Extracted data entries:
•••
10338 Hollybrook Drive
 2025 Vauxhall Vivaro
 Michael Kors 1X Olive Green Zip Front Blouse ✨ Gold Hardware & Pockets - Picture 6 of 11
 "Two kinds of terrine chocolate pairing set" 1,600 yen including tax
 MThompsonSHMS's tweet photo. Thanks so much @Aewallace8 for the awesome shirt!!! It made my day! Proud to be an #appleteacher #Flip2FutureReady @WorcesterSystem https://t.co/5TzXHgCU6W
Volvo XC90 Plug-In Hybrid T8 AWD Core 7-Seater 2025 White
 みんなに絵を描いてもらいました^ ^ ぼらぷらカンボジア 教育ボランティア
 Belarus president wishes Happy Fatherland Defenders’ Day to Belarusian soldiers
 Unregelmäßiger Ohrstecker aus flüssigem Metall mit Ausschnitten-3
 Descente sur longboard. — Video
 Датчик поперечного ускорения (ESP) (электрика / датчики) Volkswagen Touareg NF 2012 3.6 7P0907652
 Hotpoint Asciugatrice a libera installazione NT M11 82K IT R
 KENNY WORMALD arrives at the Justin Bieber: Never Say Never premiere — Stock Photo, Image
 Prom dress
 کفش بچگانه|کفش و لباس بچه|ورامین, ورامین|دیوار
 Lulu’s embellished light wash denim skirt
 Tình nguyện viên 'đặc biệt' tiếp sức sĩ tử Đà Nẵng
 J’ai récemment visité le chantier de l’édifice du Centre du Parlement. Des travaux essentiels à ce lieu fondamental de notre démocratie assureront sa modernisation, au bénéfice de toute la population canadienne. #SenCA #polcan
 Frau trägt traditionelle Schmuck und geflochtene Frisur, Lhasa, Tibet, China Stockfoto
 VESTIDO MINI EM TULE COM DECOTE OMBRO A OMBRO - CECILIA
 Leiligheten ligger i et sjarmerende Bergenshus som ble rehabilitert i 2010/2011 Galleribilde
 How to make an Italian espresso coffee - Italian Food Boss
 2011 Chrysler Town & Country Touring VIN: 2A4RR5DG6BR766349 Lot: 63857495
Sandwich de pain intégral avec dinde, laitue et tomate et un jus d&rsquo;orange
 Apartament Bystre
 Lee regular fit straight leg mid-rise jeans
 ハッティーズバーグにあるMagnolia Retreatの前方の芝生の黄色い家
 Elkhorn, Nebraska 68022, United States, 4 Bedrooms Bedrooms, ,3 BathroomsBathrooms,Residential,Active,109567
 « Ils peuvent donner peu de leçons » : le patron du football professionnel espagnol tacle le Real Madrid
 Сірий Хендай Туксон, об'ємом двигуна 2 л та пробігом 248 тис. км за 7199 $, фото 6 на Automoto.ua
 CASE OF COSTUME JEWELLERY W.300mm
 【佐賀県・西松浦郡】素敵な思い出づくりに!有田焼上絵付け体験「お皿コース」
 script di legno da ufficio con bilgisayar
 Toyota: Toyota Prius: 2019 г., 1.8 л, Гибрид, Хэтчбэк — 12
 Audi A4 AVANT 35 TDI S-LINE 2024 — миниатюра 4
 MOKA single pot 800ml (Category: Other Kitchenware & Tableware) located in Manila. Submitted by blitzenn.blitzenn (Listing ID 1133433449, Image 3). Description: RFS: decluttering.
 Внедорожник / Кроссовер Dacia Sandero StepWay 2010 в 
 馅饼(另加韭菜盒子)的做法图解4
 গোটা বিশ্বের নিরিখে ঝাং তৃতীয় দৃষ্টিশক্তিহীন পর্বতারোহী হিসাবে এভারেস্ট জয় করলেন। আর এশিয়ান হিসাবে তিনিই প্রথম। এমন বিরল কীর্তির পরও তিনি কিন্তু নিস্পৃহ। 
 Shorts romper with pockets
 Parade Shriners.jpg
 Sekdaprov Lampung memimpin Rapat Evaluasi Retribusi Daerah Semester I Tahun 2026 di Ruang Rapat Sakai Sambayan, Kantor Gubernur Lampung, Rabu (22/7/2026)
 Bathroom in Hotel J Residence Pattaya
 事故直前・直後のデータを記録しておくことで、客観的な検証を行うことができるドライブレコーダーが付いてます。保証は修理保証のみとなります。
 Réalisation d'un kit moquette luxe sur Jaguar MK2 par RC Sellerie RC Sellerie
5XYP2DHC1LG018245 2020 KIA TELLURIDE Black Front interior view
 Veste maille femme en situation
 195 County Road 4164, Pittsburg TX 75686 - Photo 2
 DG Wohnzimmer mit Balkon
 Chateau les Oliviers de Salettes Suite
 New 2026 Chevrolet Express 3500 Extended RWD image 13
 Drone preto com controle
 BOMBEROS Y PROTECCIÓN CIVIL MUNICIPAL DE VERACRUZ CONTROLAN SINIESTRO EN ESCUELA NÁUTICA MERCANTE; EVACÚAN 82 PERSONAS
•••
_To do:_ The stretch of entries above that starts with the line containing "MThompsonSHMS's tweet photo." and goes on through the line containing "Sandwich de pain" is to be transcribed exactly, and no other line is to be transcribed.

_Response to this exercise:_
 MThompsonSHMS's tweet photo. Thanks so much @Aewallace8 for the awesome shirt!!! It made my day! Proud to be an #appleteacher #Flip2FutureReady @WorcesterSystem https://t.co/5TzXHgCU6W
Volvo XC90 Plug-In Hybrid T8 AWD Core 7-Seater 2025 White
 みんなに絵を描いてもらいました^ ^ ぼらぷらカンボジア 教育ボランティア
 Belarus president wishes Happy Fatherland Defenders’ Day to Belarusian soldiers
 Unregelmäßiger Ohrstecker aus flüssigem Metall mit Ausschnitten-3
 Descente sur longboard. — Video
 Датчик поперечного ускорения (ESP) (электрика / датчики) Volkswagen Touareg NF 2012 3.6 7P0907652
 Hotpoint Asciugatrice a libera installazione NT M11 82K IT R
 KENNY WORMALD arrives at the Justin Bieber: Never Say Never premiere — Stock Photo, Image
 Prom dress
 کفش بچگانه|کفش و لباس بچه|ورامین, ورامین|دیوار
 Lulu’s embellished light wash denim skirt
 Tình nguyện viên 'đặc biệt' tiếp sức sĩ tử Đà Nẵng
 J’ai récemment visité le chantier de l’édifice du Centre du Parlement. Des travaux essentiels à ce lieu fondamental de notre démocratie assureront sa modernisation, au bénéfice de toute la population canadienne. #SenCA #polcan
 Frau trägt traditionelle Schmuck und geflochtene Frisur, Lhasa, Tibet, China Stockfoto
 VESTIDO MINI EM TULE COM DECOTE OMBRO A OMBRO - CECILIA
 Leiligheten ligger i et sjarmerende Bergenshus som ble rehabilitert i 2010/2011 Galleribilde
 How to make an Italian espresso coffee - Italian Food Boss
 2011 Chrysler Town & Country Touring VIN: 2A4RR5DG6BR766349 Lot: 63857495
Sandwich de pain intégral avec dinde, laitue et tomate et un jus d&rsquo;orange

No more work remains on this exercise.